Work item: With pictures left out, write out exactly every line from the start of the data through the one that contains "Saw Palmetto Photo Closeup Round Cushion".

=== Section Start ===

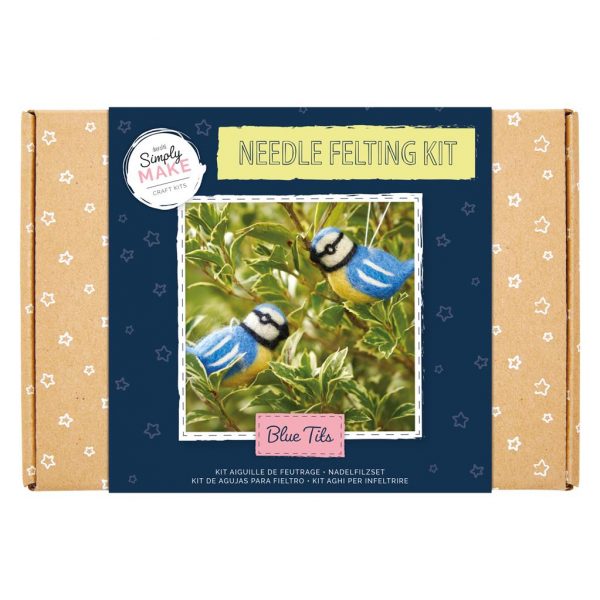 Needle Felting Kit : Blue Tit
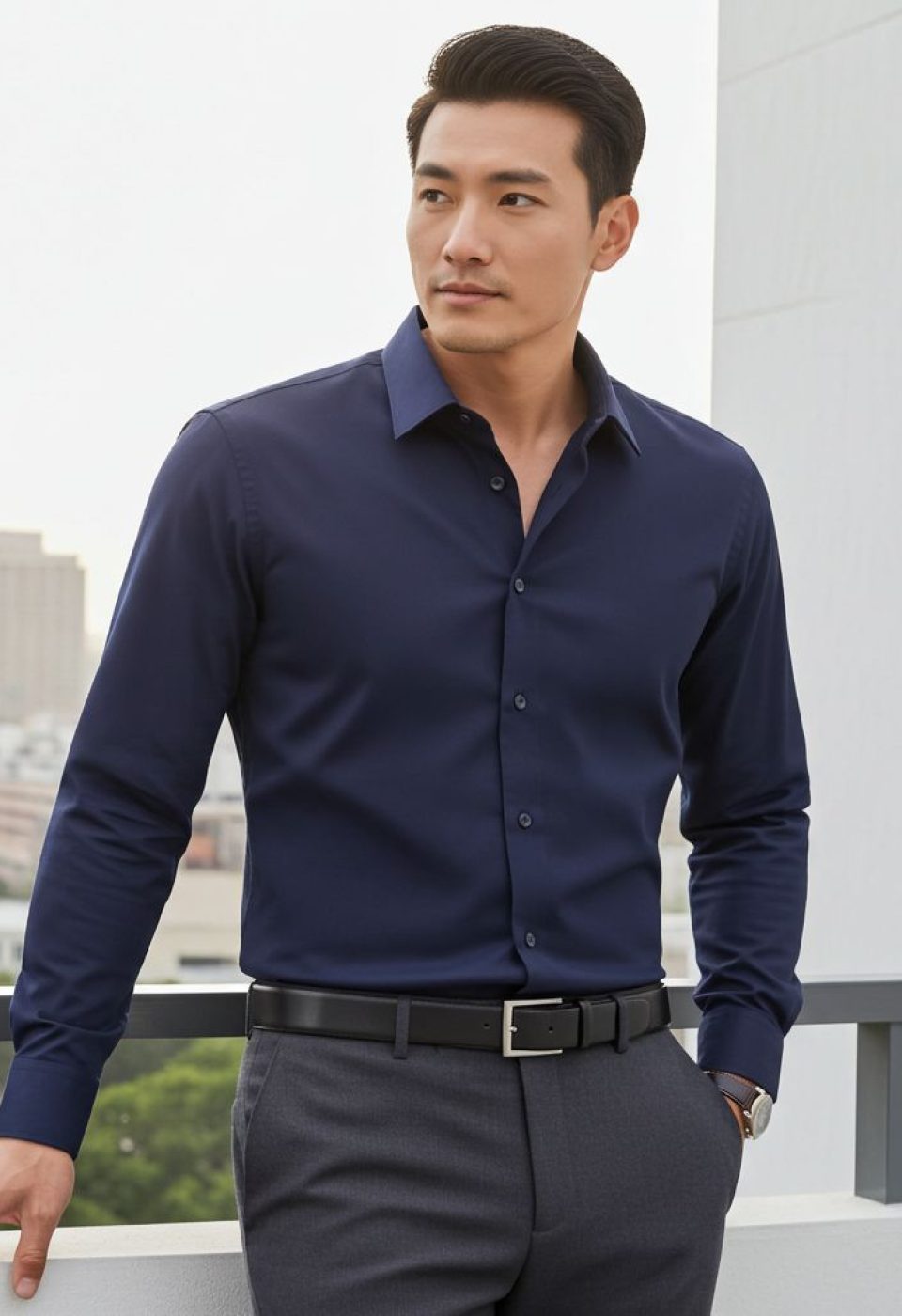 Slim Fit Uzun Kol Düz Renk Oxford Erkek Gömlek 3GMK321171017 - Giovanni Fratelli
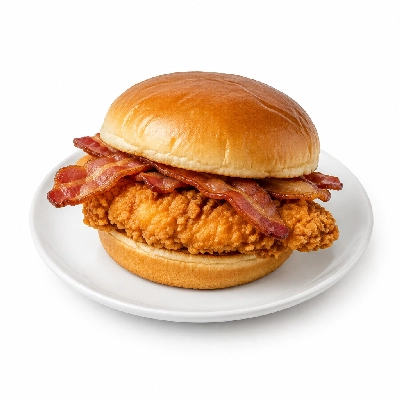 Cheeburger Cheeburger Sandwiches Fried Chicken Finger with Bacon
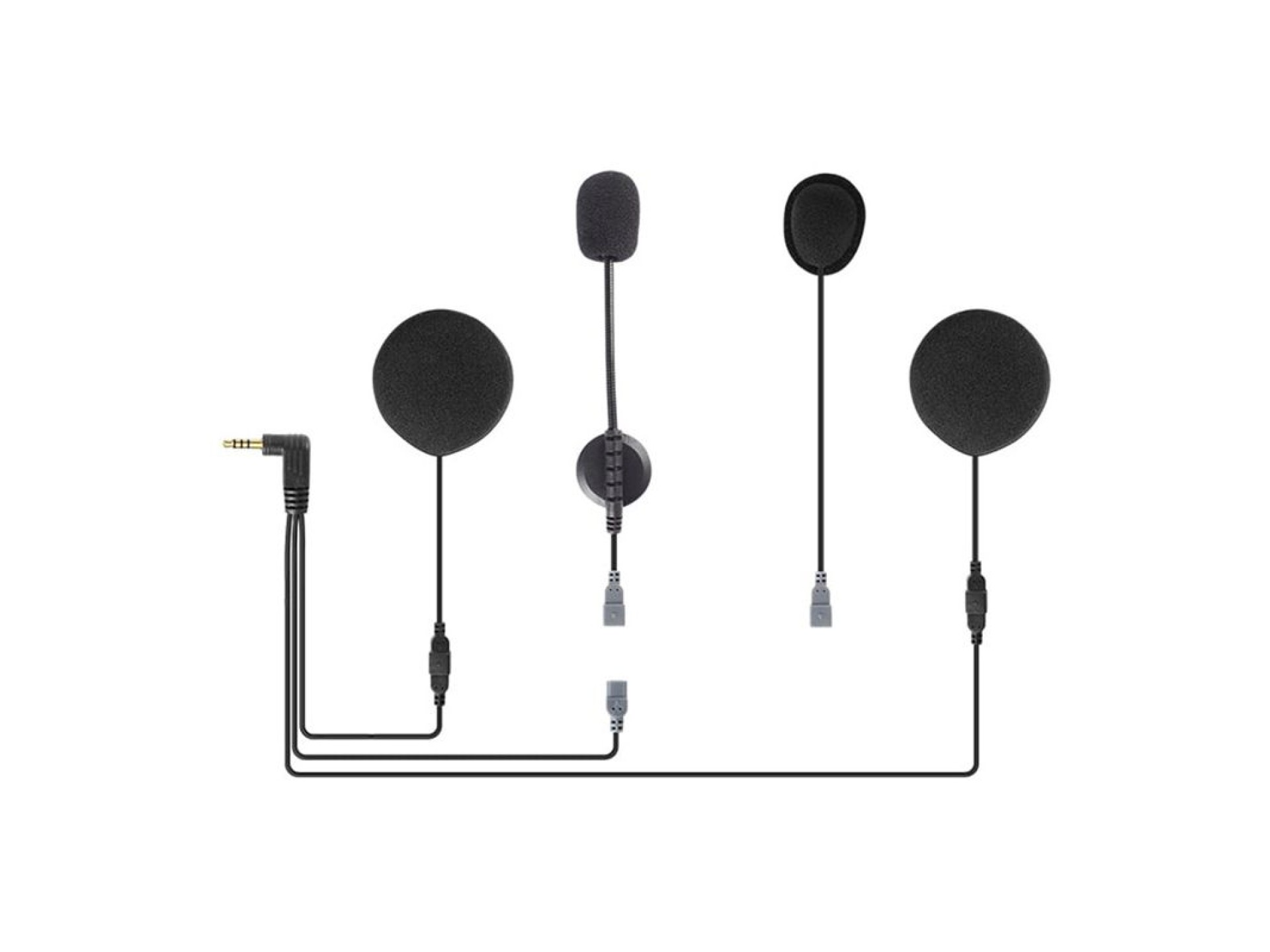 Fone de ouvido para capacete de motocicleta com plugue de 3,5 mm para intercomunicador Q7 EJEAS HIFI
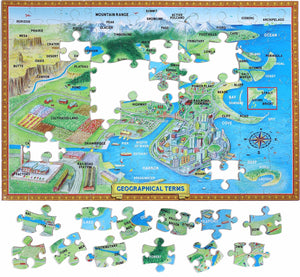 Geographical Terms 100 Piece Puzzle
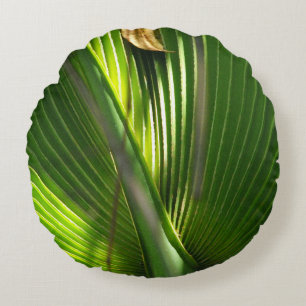 Saw Palmetto Photo Closeup Round Cushion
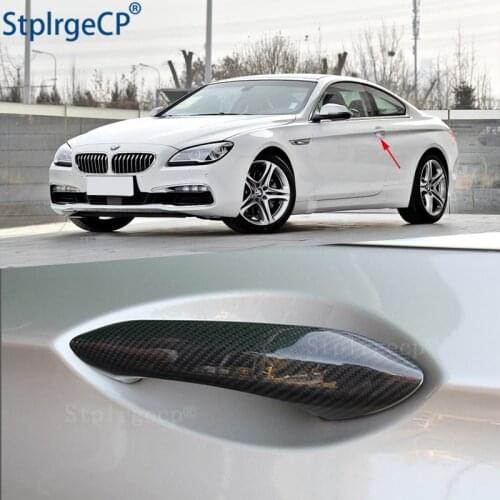 For BMW 6 series F06 F12 F13 G32 640i 650i 640d 2011-2017 Accessories 100% real carbon fiber Auto outer door handle cover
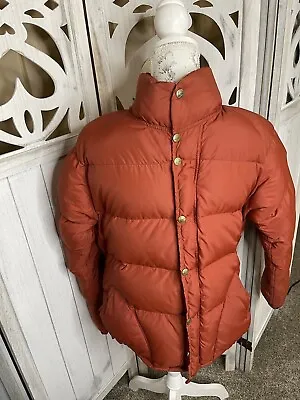 Class-5 Mountaineering Coat Down Puffer Parka Jacket Snap Zip Vintage Medium • $218.49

=== Section End ===

Task answer:
 Needle Felting Kit : Blue Tit
 Slim Fit Uzun Kol Düz Renk Oxford Erkek Gömlek 3GMK321171017 - Giovanni Fratelli
 Cheeburger Cheeburger Sandwiches Fried Chicken Finger with Bacon
 Fone de ouvido para capacete de motocicleta com plugue de 3,5 mm para intercomunicador Q7 EJEAS HIFI
 Geographical Terms 100 Piece Puzzle
 Saw Palmetto Photo Closeup Round Cushion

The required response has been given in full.